We saw a Kernel error in LogWatch and wanted to investigate closely. This is dedicated CentOS 6.5 machine. The error we got was
WARNING: Kernel Errors Present res 51/40:18:68:f2:8d/00:00:00:00:00/40 Emask 0x409 (media error) <F> ...: 1 Time(s) res 51/40:40:c0:28:8e/00:00:00:00:00/40 Emask 0x409 (media error) <F> ...: 6 Time(s) res 51/40:48:38:34:8e/00:00:00:00:00/40 Emask 0x409 (media error) <F> ...: 5 Time(s) ata2.00: error: { UNC } ...: 1 Time(s) ata2: SError: { 10B8B } ...: 1 Time(s) ata3.00: error: { UNC } ...: 11 Time(s) sd 2:0:0:0: [sdb] Add. Sense: Unrecovered read error - auto reallocat ...: 2 Time(s) sd 2:0:0:0: [sdb] Sense Key : Medium Error [current] [descr ...: 2 Time(s)
We wanted to check the hard drives so we used smartctl to check the disks. smartctl controls the Self-Monitoring, Analysis and Reporting Technology (SMART) system built into many newer hard drives. The machine is under RAID 1, so we checked each drive, one at a time. First we checked the first disk by running a long smartctl test.
> smartctl -t long /dev/sg0
After ~2 hours, we reviewed the output by printing all SMART information about the disk.
> smartctl -a /dev/sg0
This command outputs a lot of information. Here’s a snippet of our results, which says the long test results are good, and we have nothing to worry about.

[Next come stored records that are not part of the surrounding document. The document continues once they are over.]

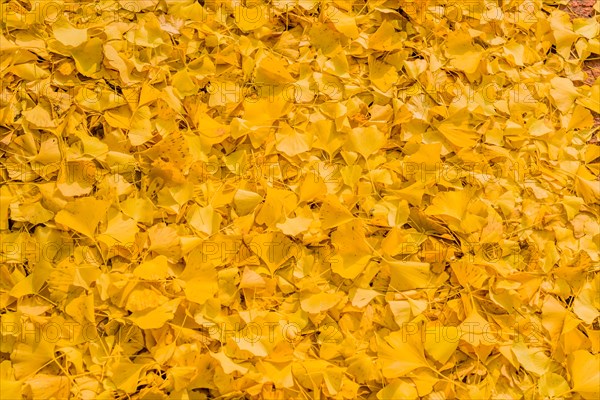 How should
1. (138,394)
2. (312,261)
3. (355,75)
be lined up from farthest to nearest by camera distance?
(355,75) → (312,261) → (138,394)

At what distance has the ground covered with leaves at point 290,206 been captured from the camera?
771 mm

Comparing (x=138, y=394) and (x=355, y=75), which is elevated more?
(x=355, y=75)

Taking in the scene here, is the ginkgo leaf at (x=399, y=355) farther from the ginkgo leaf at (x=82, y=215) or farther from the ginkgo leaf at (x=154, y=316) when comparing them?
the ginkgo leaf at (x=82, y=215)

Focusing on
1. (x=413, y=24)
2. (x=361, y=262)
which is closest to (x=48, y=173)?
(x=361, y=262)

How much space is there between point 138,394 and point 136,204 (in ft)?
0.84

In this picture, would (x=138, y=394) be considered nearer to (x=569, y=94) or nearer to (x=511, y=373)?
(x=511, y=373)

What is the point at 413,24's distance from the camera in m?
1.05

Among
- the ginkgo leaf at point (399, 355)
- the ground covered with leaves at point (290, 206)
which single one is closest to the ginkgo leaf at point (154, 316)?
the ground covered with leaves at point (290, 206)

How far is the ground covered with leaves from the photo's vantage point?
771mm

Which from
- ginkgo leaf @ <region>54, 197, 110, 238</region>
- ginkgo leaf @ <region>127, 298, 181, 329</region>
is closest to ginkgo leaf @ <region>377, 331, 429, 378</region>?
ginkgo leaf @ <region>127, 298, 181, 329</region>

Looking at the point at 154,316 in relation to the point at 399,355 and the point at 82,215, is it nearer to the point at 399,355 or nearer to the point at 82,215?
the point at 82,215

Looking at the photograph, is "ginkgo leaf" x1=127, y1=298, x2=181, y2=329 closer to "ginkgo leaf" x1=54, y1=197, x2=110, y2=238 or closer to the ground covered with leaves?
the ground covered with leaves

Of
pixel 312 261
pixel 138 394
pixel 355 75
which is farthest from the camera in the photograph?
pixel 355 75

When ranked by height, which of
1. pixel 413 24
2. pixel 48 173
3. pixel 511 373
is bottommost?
pixel 511 373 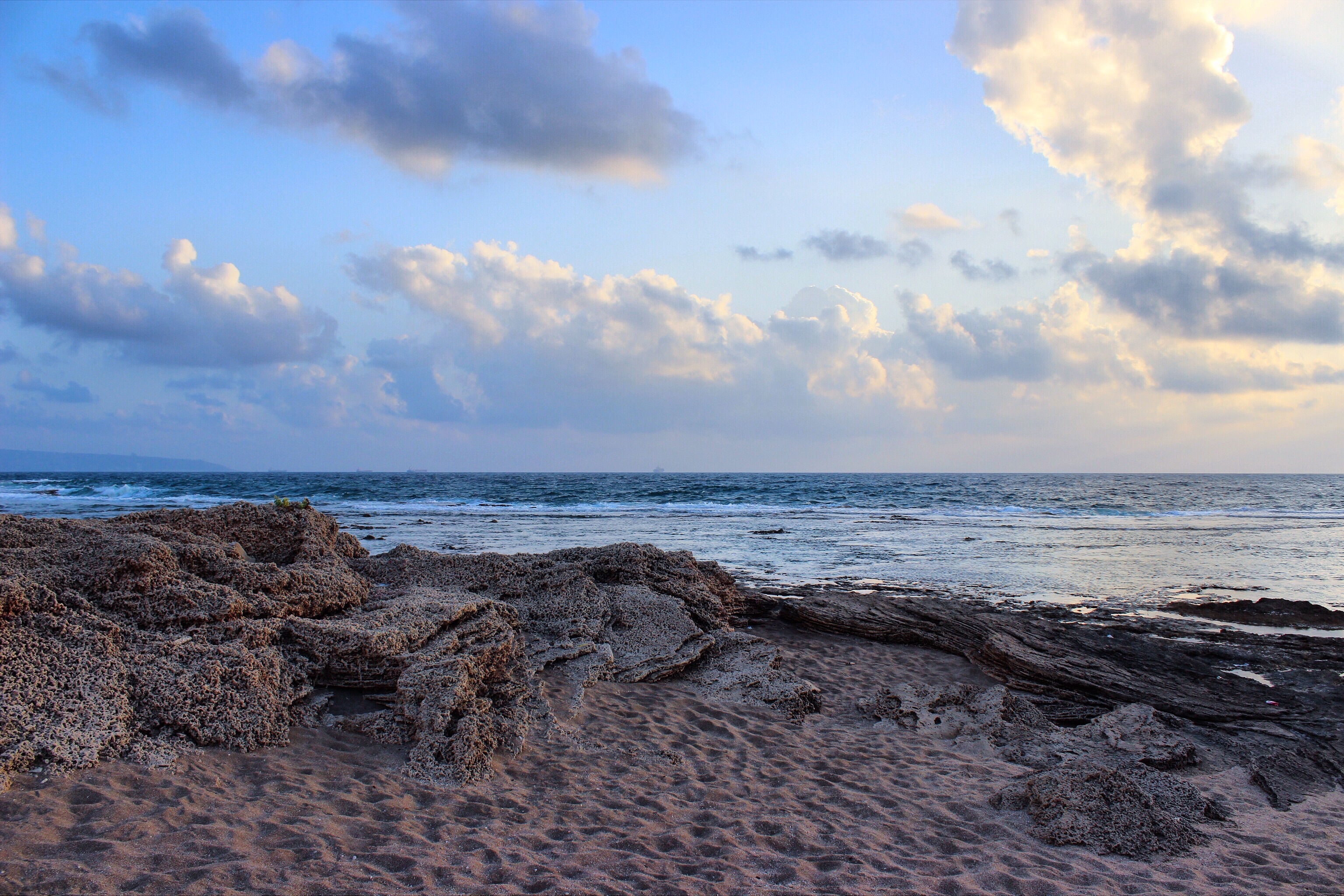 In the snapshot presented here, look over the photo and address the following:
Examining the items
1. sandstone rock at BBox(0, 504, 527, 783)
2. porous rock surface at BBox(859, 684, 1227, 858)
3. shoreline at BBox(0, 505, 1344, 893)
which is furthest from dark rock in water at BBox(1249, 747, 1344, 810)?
sandstone rock at BBox(0, 504, 527, 783)

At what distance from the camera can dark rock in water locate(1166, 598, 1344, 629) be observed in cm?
934

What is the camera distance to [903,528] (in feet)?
81.8

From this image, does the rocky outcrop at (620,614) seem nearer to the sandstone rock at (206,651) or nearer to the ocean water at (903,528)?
the sandstone rock at (206,651)

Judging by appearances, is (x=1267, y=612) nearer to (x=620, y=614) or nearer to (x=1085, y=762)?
(x=1085, y=762)

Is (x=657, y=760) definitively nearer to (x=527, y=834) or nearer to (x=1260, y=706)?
(x=527, y=834)

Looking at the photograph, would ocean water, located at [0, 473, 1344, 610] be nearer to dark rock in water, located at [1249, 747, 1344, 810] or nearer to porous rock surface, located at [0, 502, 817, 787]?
dark rock in water, located at [1249, 747, 1344, 810]

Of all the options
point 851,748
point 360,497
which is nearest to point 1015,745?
point 851,748

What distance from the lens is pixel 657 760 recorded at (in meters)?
Answer: 4.59

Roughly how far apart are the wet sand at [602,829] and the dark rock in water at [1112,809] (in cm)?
10

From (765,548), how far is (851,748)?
518 inches

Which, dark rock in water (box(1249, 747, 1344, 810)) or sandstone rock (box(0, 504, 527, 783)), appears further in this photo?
dark rock in water (box(1249, 747, 1344, 810))

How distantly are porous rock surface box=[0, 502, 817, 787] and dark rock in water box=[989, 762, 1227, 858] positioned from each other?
6.71ft

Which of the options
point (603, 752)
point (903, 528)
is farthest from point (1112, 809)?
point (903, 528)

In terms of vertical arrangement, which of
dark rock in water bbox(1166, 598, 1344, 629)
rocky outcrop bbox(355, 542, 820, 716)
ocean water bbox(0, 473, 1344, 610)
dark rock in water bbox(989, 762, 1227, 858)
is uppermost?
rocky outcrop bbox(355, 542, 820, 716) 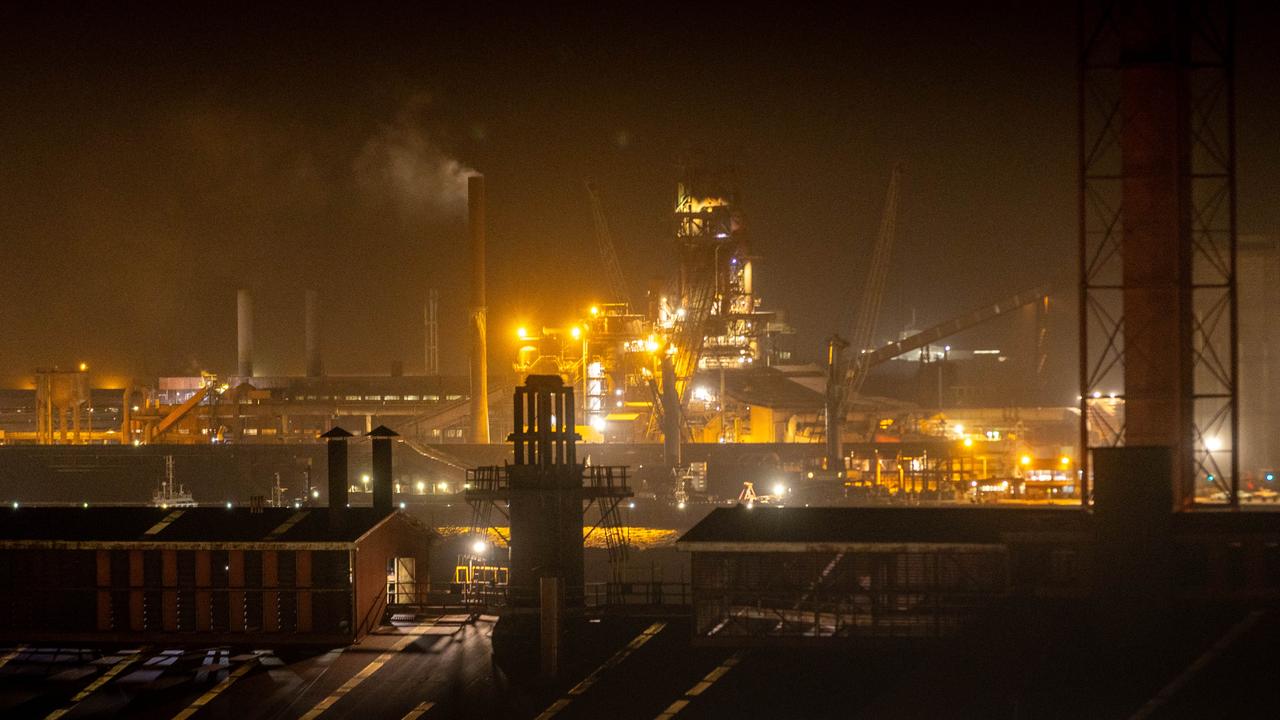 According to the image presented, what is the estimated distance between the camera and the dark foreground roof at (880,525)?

<snip...> SMART Self-test log structure revision number 1 Num Test_Description Status Remaining LifeTime(hours) LBA_of_first_error # 1 Extended offline Completed without error 00% 2924 - <snip...>
We then repeated the process for the second disk.
> smartctl -t long /dev/sg1 > smartctl -a /dev/sg1
The output showed a read failure, and a 90% remaining life. This means we need to look at replacing the second disk.
<snip...> SMART Self-test log structure revision number 1 Num Test_Description Status Remaining LifeTime(hours) LBA_of_first_error # 1 Extended offline Completed: read failure 90% 2827 9316552 <snip...>